Making Flat Bread, Norway
- Special Collections > Keystone Slides
- tiff scanned file from original glass slide
- Here is the way bread is made in one part of the world even today. When you think of the kitchen range or the gas stove in your home, you can hardly believe such a scene possible. But the peasants of Norway do not have easy lives. Nor do they have many things in their homes. This old woman is showing you how to make flat bread. Flat bread is the staff of life for the poor of Norway and Sweden. It is made out of barley meal and water stirred together. The batter thus formed is rolled thin. Then it is placed on stones among which is a fire of little sticks. A cake is soon baked. Then it is lifted off the fire and put on a table. But it is not yet eaten. This old woman is baking the family's supply of bread for the winter. She may bake all day long. The cakes are stacked in a house in which meat and other foods are kept. When the long cold days come there is a supply of bread always at hand. The cakes themselves may be 18 inches across, but they are very thin. And you could eat and eat of them and still be hungry. But when they are eaten with cheese or butter or fish they are passably good.

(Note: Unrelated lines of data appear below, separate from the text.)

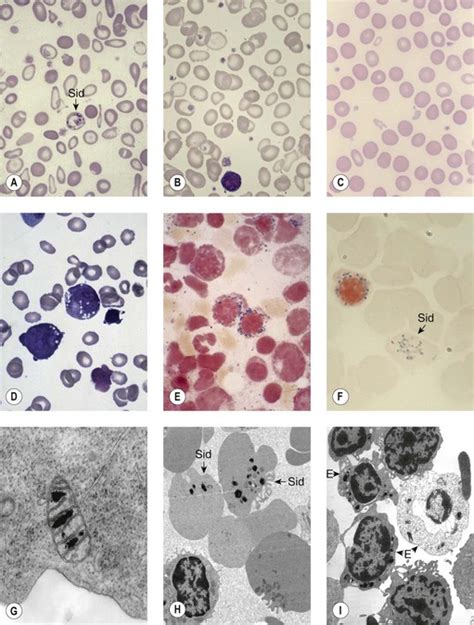 Sideroblastic Anemia Basicmedical Key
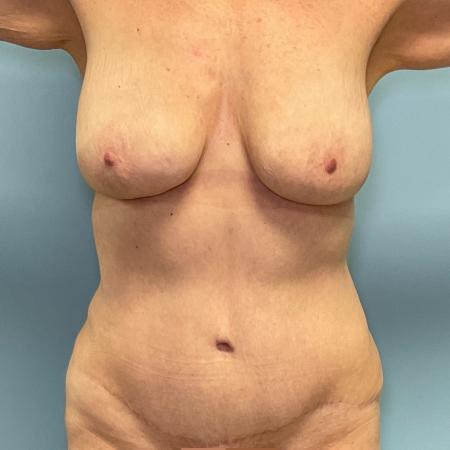 After image 1 Case #127561 - Tummy Tuck + Lipo of Flanks + Fat Graft to Breasts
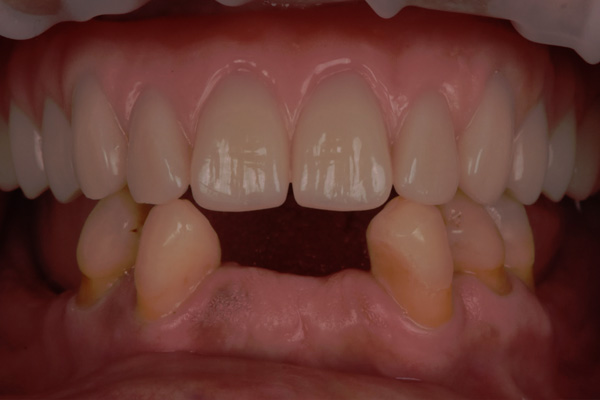 Above & Beyond Dentistry & Implants | Wisdom Teeth Extractions, Bridges and Dentures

The basin containing the barley meal is on the ground to the woman's left. The batter is in the dish on the table in front of her. On the stick she is holding a cake. It looks like a doily with a pattern worked into it. On the rocks this side the table is another cake baking. The baking is done out of doors. This is the usual baking place of a Norwegian home. There is a famous English story told of an old woman who left a king to look after her cakes. She was baking them in much the same way in a fireplace. If you do not know it, read the story of "King Alfred and the Cakes." Keystone ID: 13420 Note: All titles, descriptions, and location coordinates are from the original Keystone Slide documentation as supplied by the Keystone View Company. No text has been edited or changed.